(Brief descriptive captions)
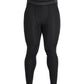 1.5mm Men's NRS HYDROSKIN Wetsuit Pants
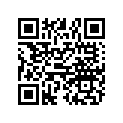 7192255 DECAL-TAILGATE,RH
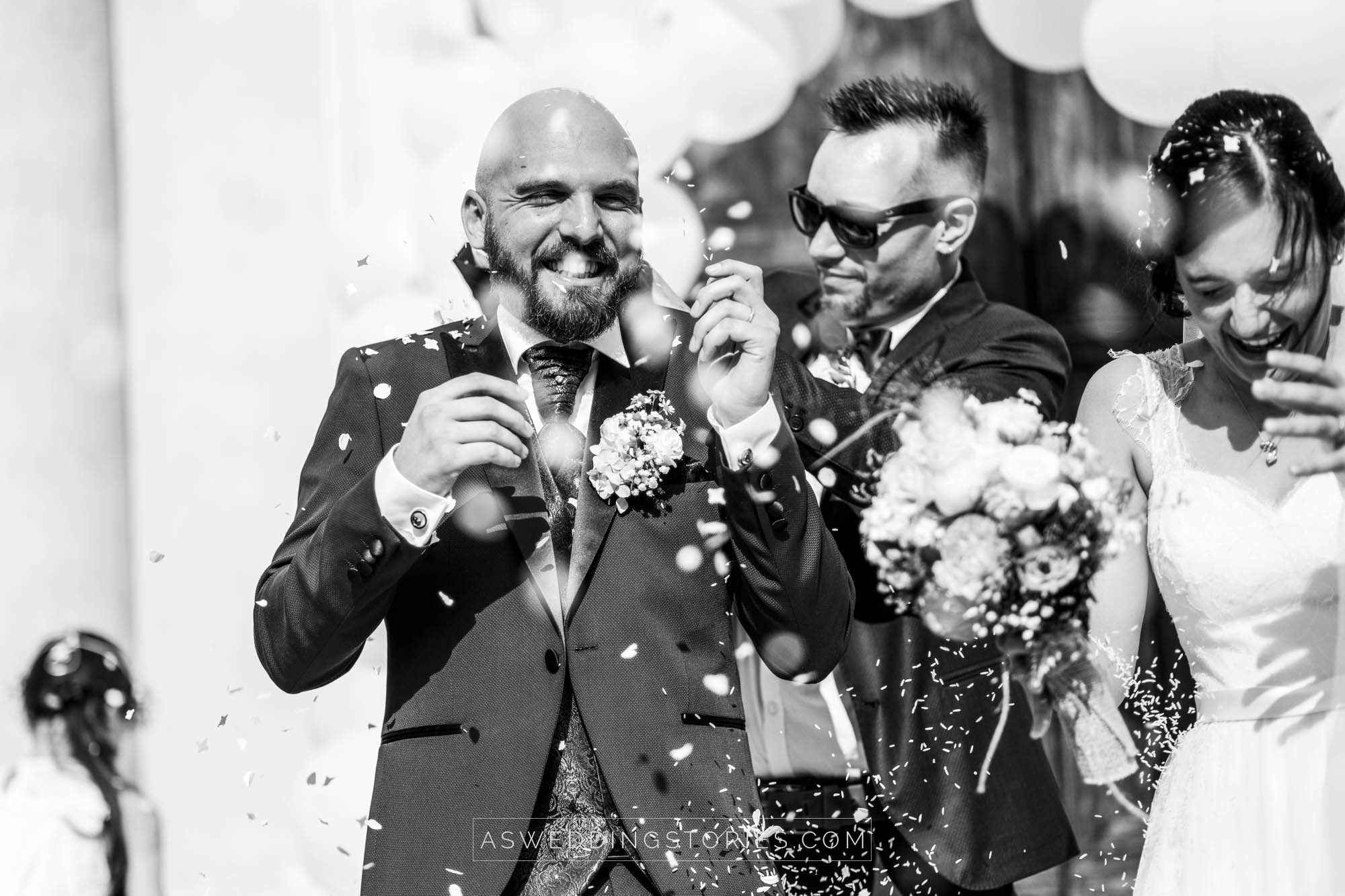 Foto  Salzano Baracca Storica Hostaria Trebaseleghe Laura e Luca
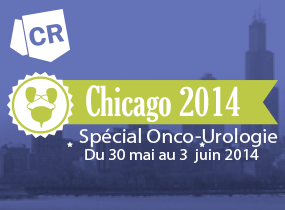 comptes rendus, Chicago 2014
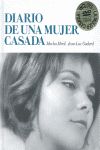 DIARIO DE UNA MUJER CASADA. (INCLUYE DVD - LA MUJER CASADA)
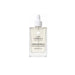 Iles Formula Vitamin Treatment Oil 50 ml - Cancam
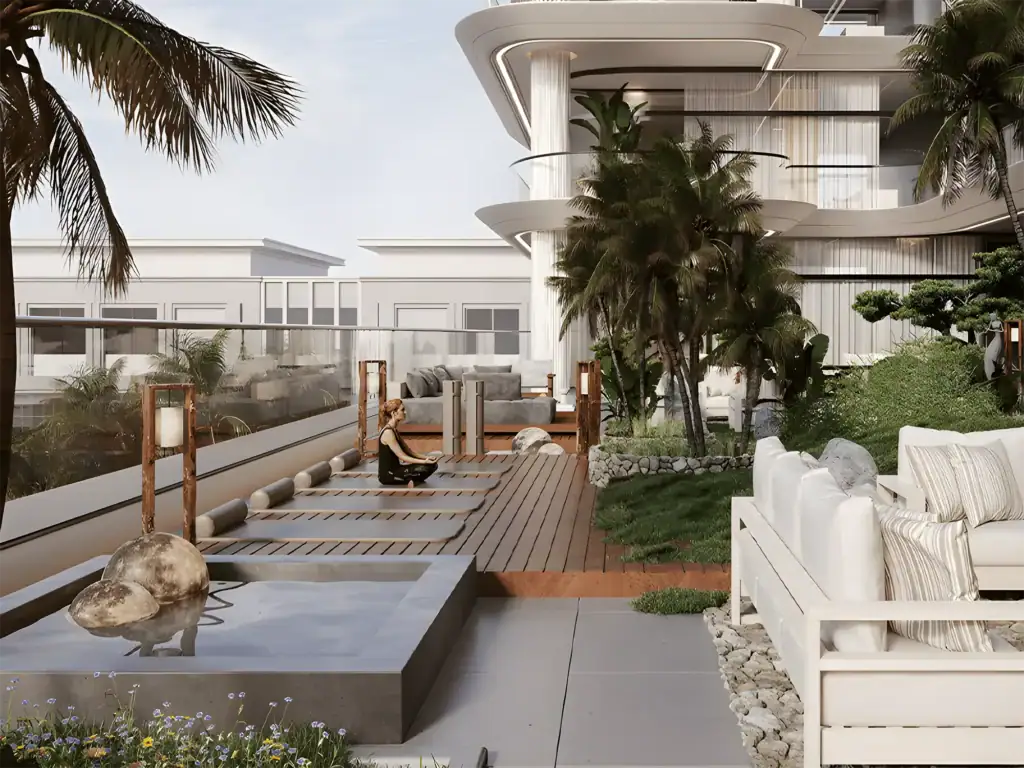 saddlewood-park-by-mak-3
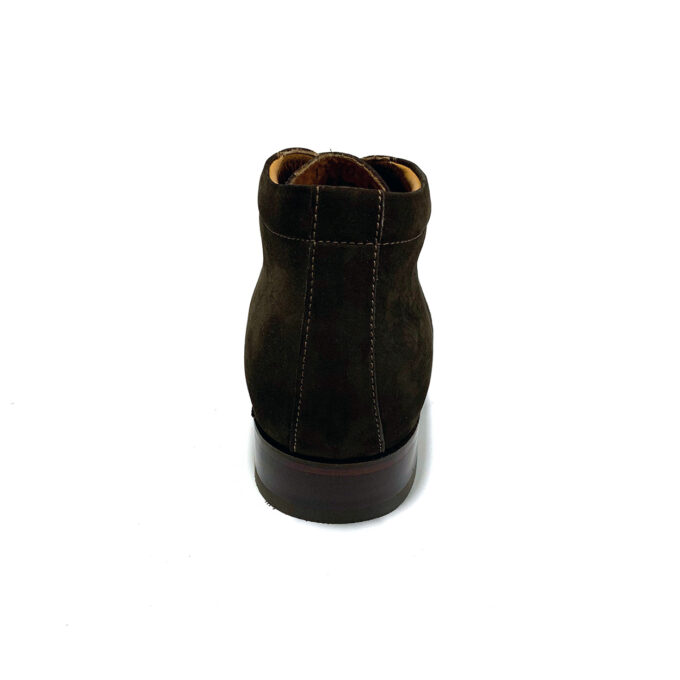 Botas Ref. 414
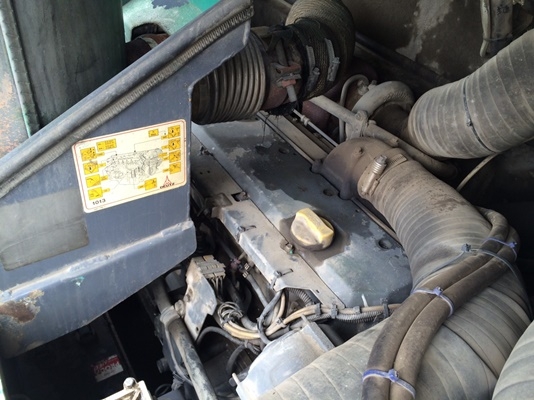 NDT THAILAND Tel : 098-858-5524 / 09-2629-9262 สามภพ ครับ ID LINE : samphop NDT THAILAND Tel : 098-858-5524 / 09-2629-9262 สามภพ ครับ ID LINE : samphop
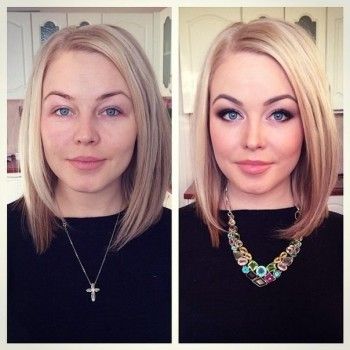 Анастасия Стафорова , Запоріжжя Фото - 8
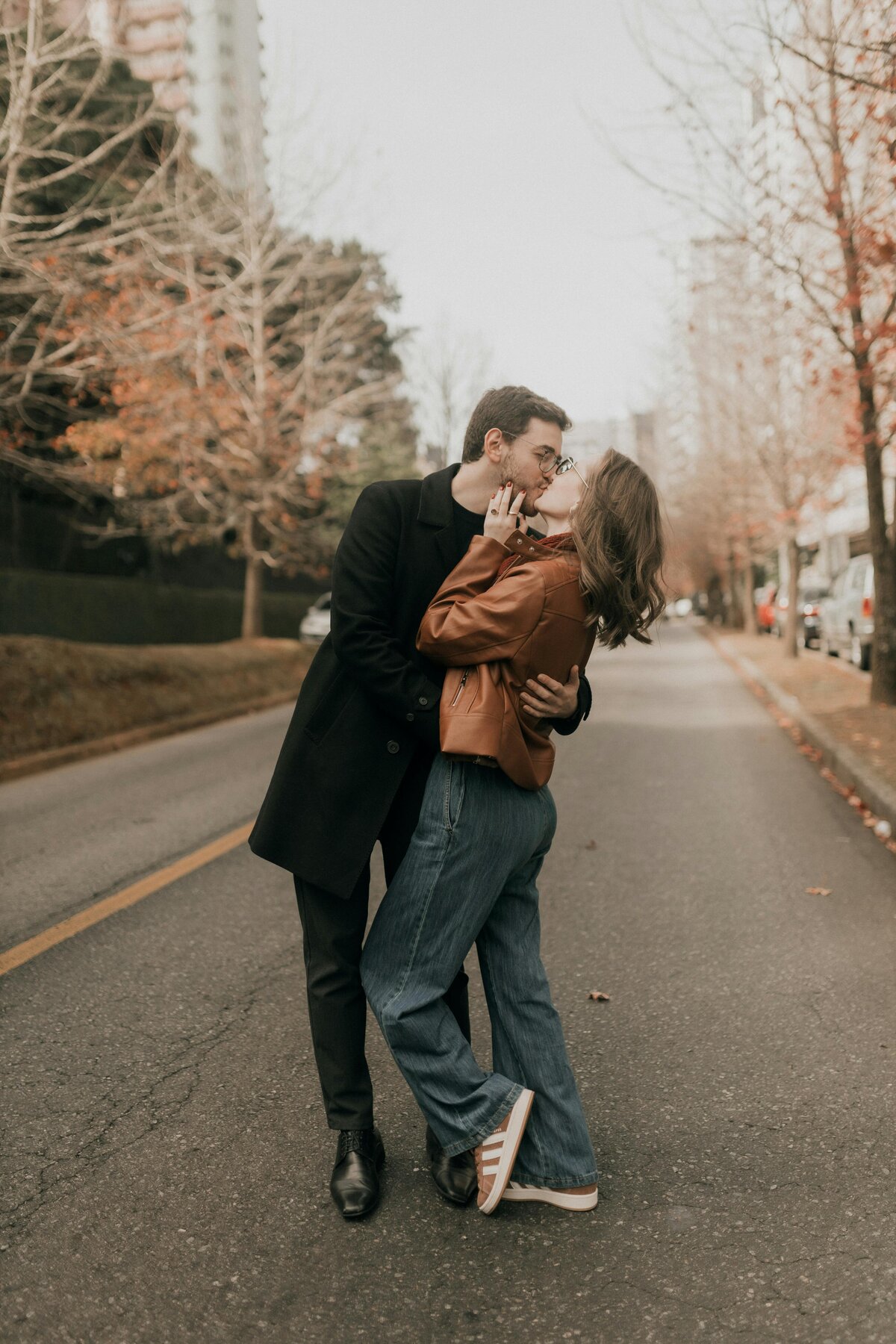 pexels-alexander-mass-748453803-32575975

• _The task_
Find the line that contains "Анастасия Стафорова , Запоріжжя Фото - 8", then write out that line and every line after it through the end of the records, exactly. Leave the pictures out.

• _Worked solution_
 Анастасия Стафорова , Запоріжжя Фото - 8
 pexels-alexander-mass-748453803-32575975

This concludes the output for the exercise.